• Supplied records
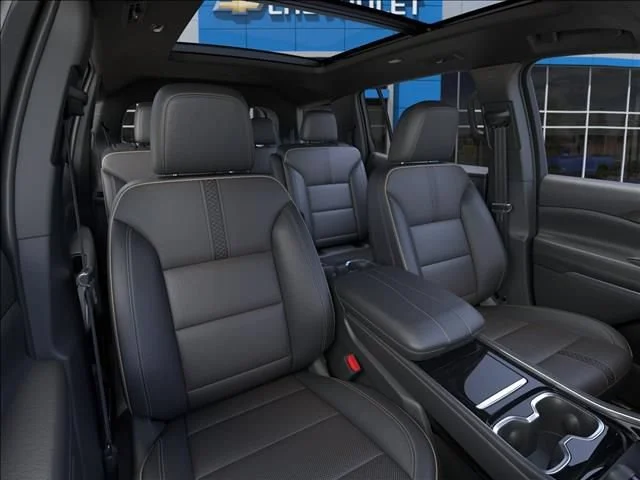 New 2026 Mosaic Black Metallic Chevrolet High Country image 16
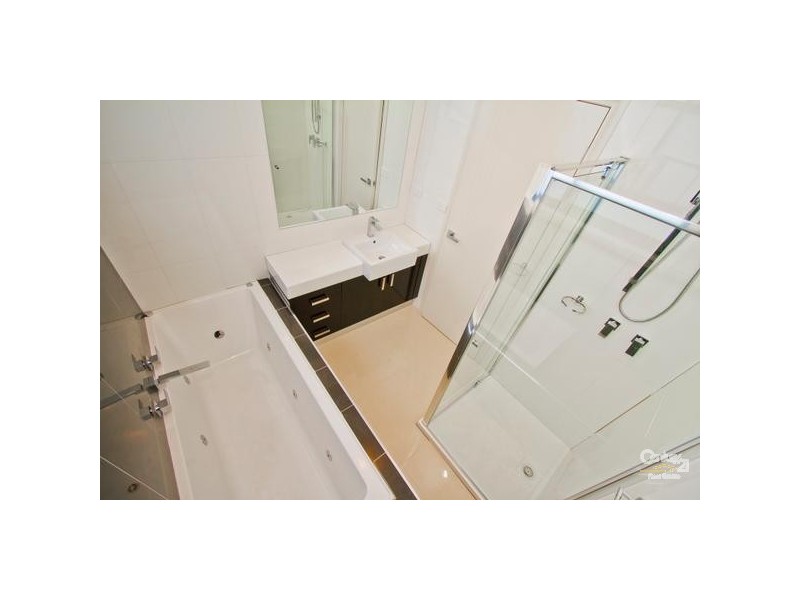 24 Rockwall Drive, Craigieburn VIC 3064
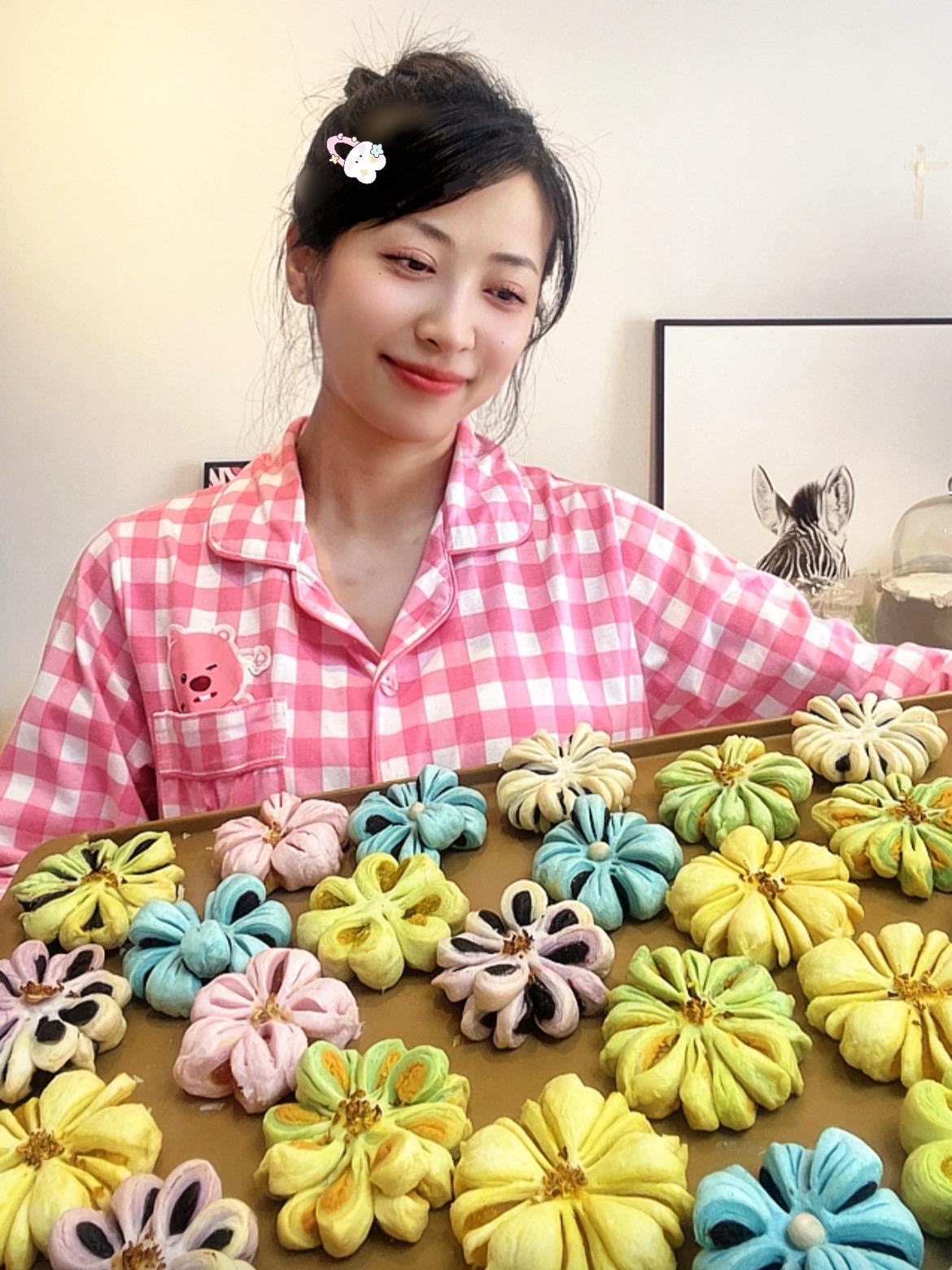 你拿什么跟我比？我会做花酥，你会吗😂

--

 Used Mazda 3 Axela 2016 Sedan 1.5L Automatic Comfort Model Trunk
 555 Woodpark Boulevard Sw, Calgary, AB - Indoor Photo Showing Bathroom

• What needs to be done
Take the material above and output only the lines from the one that contains "24 Rockwall Drive, Craigieburn VIC 3064" through the one that contains "你拿什么跟我比？我会做花酥，你会吗😂", ends included and images left out.

• Task output
 24 Rockwall Drive, Craigieburn VIC 3064
 你拿什么跟我比？我会做花酥，你会吗😂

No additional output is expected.